- Dataset section -
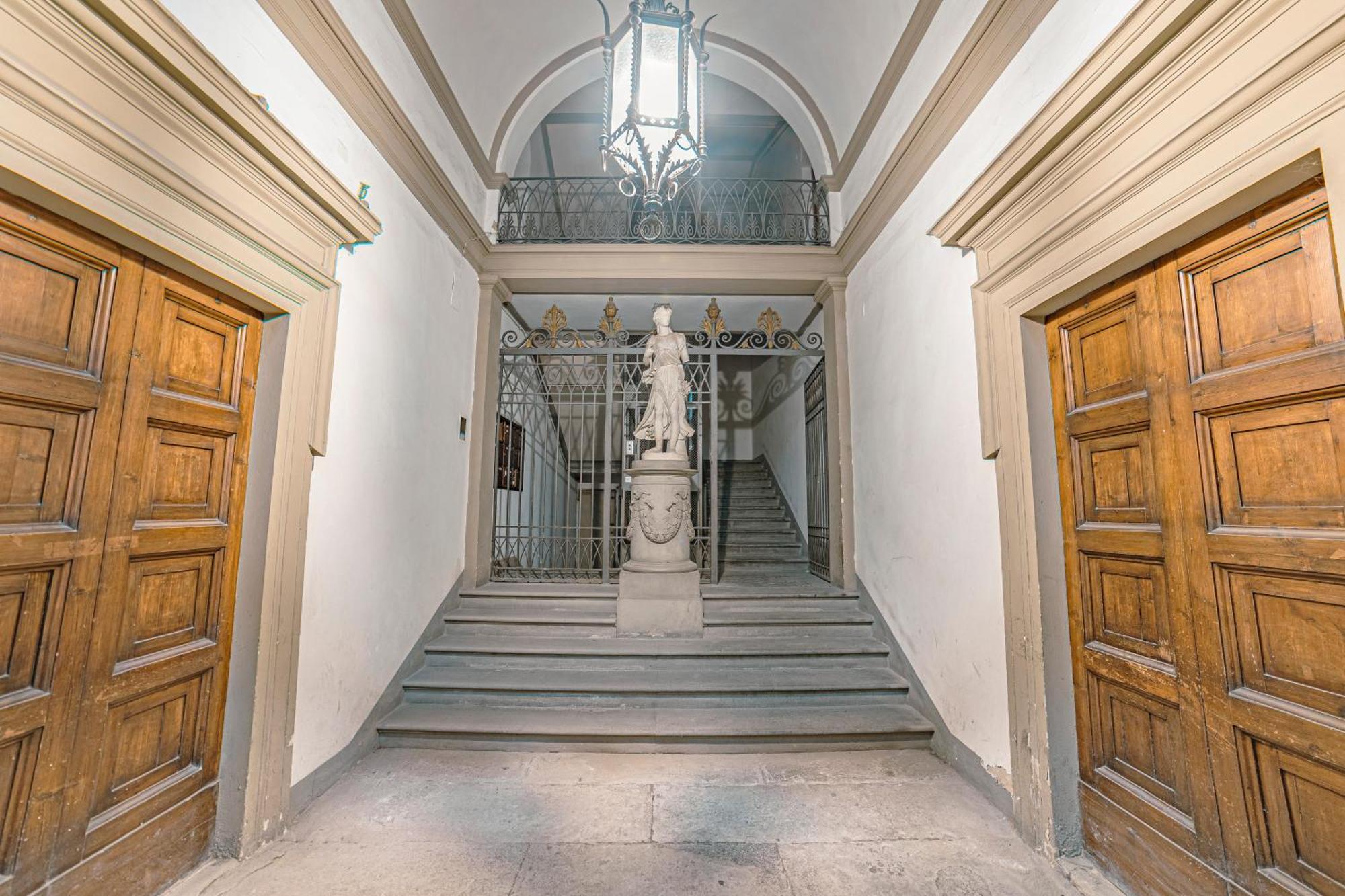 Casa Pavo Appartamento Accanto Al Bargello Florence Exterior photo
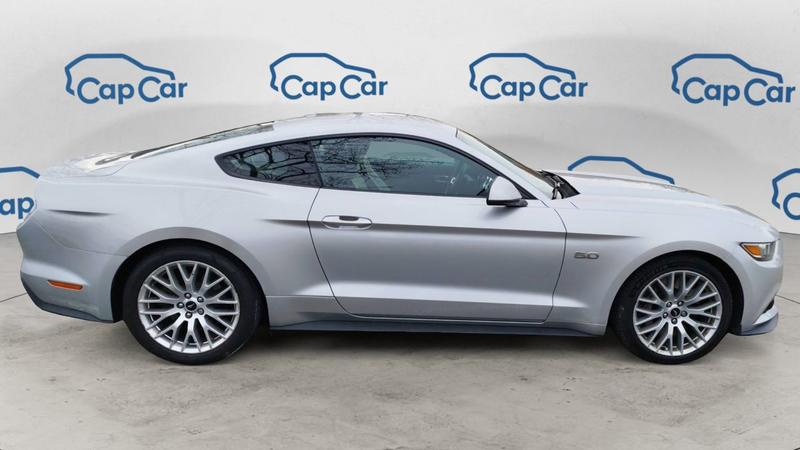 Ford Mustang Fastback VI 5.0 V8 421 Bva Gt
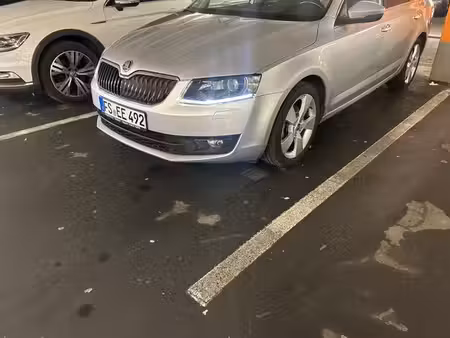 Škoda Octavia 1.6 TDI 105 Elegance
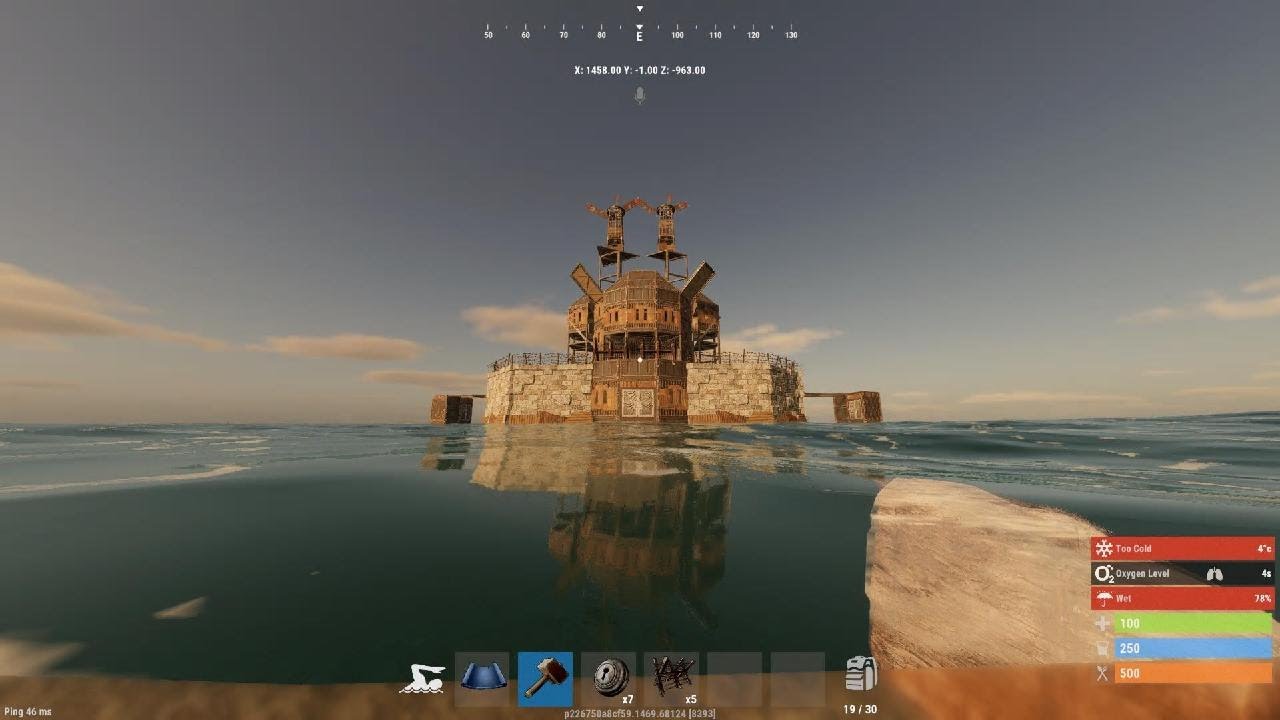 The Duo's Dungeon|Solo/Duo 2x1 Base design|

- Task requirements -
Retype the listing above exactly as it appears, omitting the pictures.

- Result for this task -
 Casa Pavo Appartamento Accanto Al Bargello Florence Exterior photo
 Ford Mustang Fastback VI 5.0 V8 421 Bva Gt
 Škoda Octavia 1.6 TDI 105 Elegance
 The Duo's Dungeon|Solo/Duo 2x1 Base design|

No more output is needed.